§ **Task description**:
What you should give back is a precise copy of the lines below from the one containing "Apartment, 1 Bedroom" through the one containing "Un hombre cubre", with no pictures.

§ **Extracted records**:
* * *

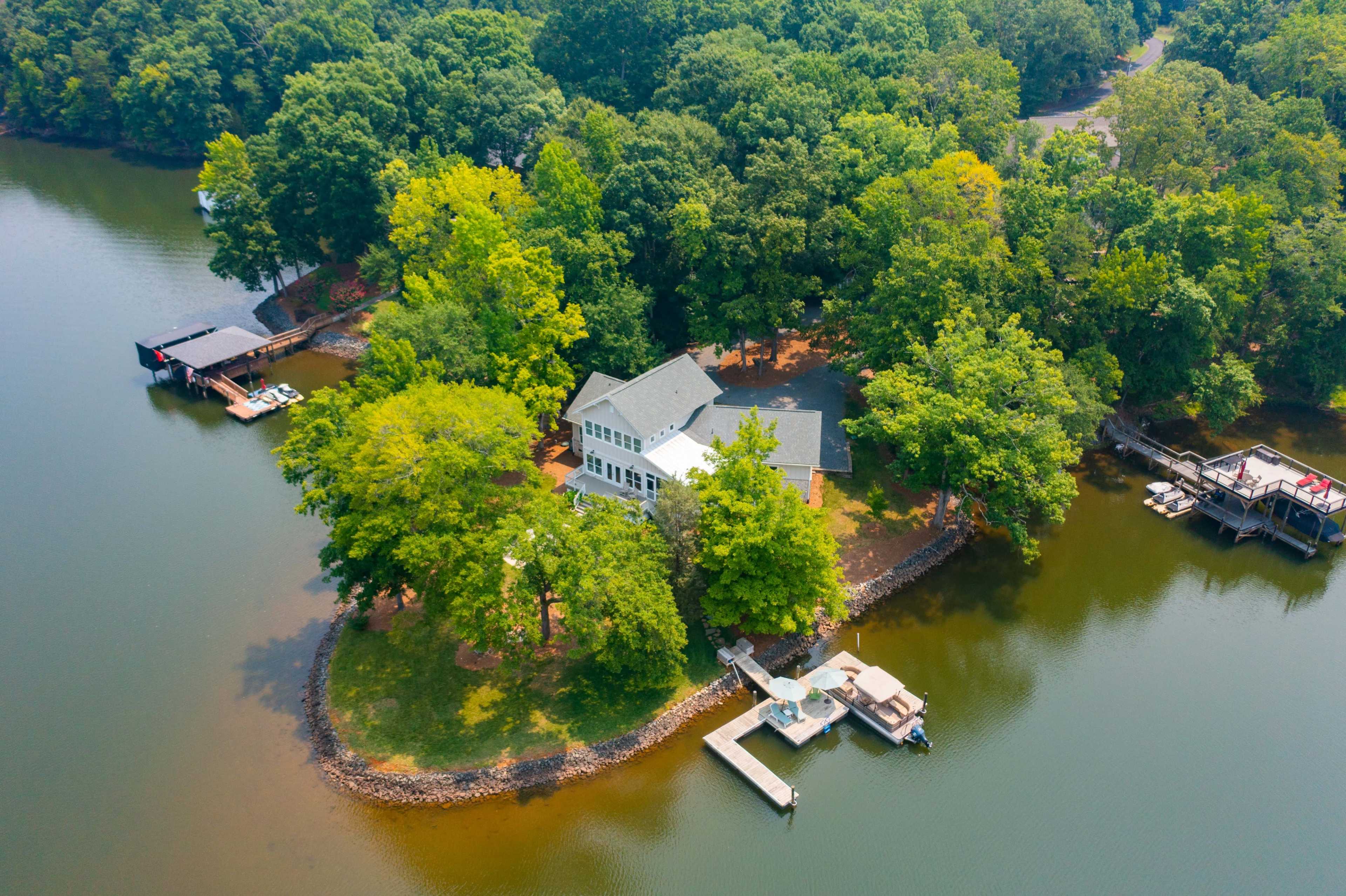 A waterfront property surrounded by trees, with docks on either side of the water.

* * *

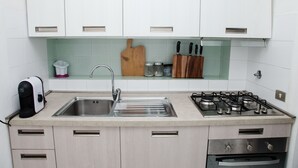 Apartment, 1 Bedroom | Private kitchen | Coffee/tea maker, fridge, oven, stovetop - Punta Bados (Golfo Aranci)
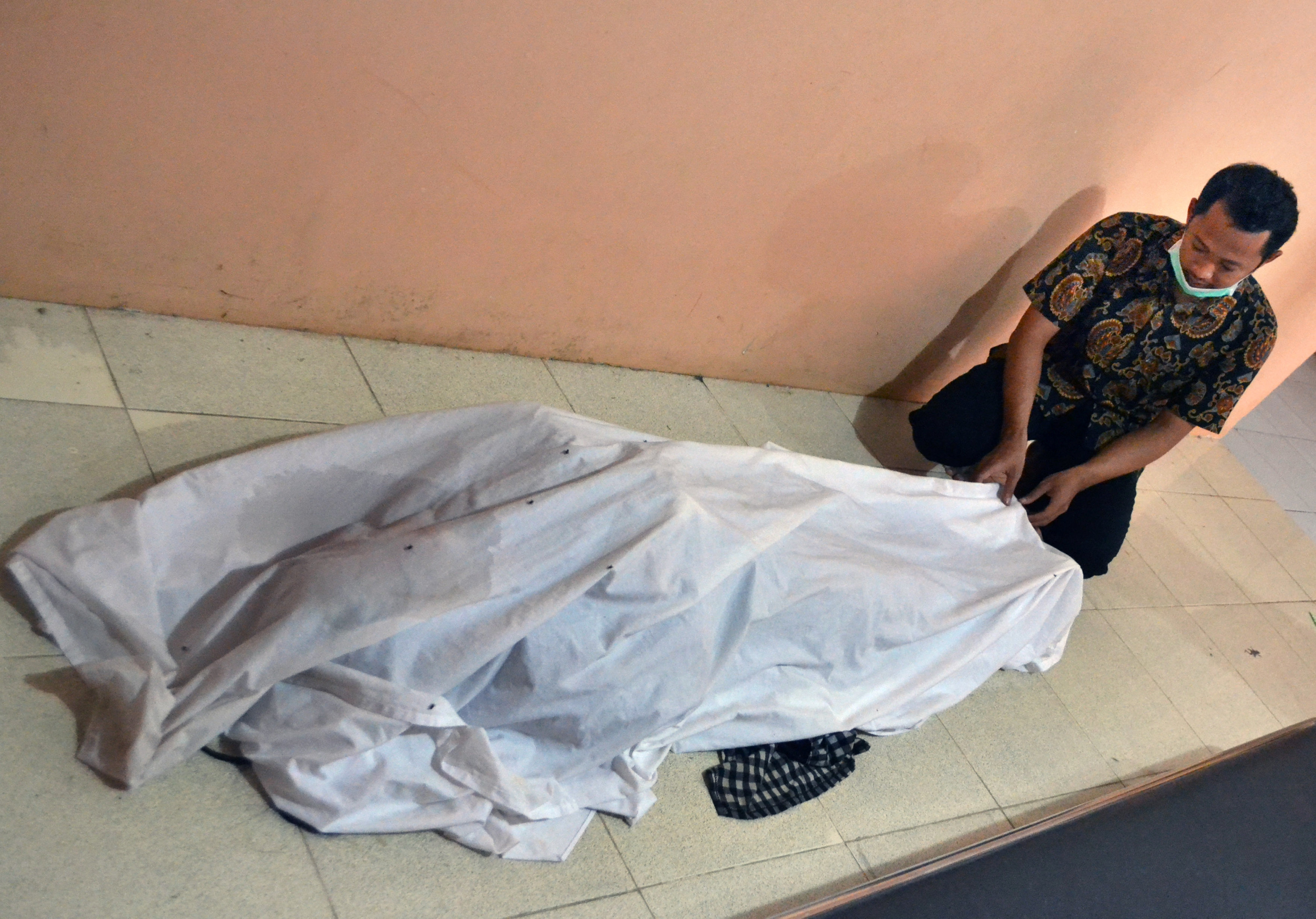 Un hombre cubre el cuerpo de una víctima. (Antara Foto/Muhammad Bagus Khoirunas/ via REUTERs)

* * *

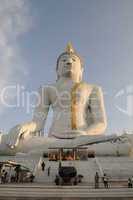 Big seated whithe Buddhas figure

* * *

§ **Your solution**:
 Apartment, 1 Bedroom | Private kitchen | Coffee/tea maker, fridge, oven, stovetop - Punta Bados (Golfo Aranci)
 Un hombre cubre el cuerpo de una víctima. (Antara Foto/Muhammad Bagus Khoirunas/ via REUTERs)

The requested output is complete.